Had we simply read the fine print, we’d have known that a chemist named Wilbur Scoville developed a scale to measure hot peppers back in 1912. And he was an American guy, for crying out loud.
His “SHU’s” (Scoville Heat Units), measuring the piquancy of peppers, hinge on the subjective findings of five “tasters.”
Creeping into current use is the “Gillett Method” that measures heat HPLC: “high pressure liquid chromatography.” These findings easily convert to SHU’s.
I’ve told more than I know, except to warn there are many more details.
The print gets finer and finer.
You wanna talk about hot? Next time something breaks and you make the “SOS” repair call, expect it to be out-sourced to India. If you’re fortunate enough to reach someone who speaks English, ask about THEIR peppers. Your ears will burn with the braggin’ about India’s REALLY hot peppers.
I mean, Bombay’s world-class peppers are smokin’, reducing our pepper pods to comparative whipped cream.
We shouldn’t be surprised.
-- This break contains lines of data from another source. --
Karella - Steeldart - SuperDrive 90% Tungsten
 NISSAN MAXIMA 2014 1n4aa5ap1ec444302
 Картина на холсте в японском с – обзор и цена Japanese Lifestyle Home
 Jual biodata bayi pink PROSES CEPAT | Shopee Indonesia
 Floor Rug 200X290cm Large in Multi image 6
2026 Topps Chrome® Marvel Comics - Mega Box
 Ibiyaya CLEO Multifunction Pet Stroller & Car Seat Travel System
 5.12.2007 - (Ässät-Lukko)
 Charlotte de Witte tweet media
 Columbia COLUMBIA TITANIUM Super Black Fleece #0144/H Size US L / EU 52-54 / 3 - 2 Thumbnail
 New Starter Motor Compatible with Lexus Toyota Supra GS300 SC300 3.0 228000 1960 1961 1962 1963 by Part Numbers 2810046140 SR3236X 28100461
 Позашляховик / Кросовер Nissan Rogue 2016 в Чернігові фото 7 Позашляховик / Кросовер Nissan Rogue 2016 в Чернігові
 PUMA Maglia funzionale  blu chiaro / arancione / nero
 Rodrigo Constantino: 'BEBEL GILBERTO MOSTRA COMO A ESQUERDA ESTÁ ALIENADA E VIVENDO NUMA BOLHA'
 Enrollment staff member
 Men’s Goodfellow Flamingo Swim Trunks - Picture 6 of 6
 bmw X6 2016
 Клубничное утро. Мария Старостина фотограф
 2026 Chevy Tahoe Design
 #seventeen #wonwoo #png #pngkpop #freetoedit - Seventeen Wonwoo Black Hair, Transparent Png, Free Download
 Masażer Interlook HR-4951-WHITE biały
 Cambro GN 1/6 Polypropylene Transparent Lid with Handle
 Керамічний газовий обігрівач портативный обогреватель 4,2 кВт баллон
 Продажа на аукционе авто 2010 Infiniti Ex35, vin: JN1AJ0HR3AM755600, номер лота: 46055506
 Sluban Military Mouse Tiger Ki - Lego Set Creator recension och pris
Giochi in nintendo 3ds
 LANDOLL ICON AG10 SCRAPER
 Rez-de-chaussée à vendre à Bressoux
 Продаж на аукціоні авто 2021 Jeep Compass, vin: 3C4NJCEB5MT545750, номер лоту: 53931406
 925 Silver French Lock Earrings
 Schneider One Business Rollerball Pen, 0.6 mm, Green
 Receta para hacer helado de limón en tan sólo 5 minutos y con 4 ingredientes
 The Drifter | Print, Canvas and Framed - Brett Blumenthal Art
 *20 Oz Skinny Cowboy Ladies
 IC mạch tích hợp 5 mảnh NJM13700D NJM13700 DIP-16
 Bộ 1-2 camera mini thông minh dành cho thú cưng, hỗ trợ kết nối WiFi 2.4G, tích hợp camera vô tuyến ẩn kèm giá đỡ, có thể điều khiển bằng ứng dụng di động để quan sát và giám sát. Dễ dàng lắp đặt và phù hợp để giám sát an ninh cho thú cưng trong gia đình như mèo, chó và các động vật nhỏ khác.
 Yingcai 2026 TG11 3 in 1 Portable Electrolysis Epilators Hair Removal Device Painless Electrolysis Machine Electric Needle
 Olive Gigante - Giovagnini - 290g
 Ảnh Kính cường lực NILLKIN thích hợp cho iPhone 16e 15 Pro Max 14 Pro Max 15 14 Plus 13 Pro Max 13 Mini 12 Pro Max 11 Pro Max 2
Hot peppers were on Christopher Columbus’ “wish list.” After his pepper-fetching mission, the hot stuff was strewn around several other countries when he got back.
Consider this: India has a pepper called “Naga Jolokia,” the hottest in the world with 1,040,000 SHU’s. This is about 120 times hotter than Tabasco sauce with more than 300 times as much fire as our jalapeños.
Any hotter and they convert it to self-defense spray.
The Red Savina Habanero, former Guinness record holder first grown in South America, now ranks a pale second to the Naka Jolokia at 575,000 SHU’s.
Wake the town and tell the people. We’ve got to “get crackin’” on this pepper crisis. For starters, we need to concoct chili hot enough to make Aggies sing the War Hymn backwards. We are the laughing stock of the pepper world.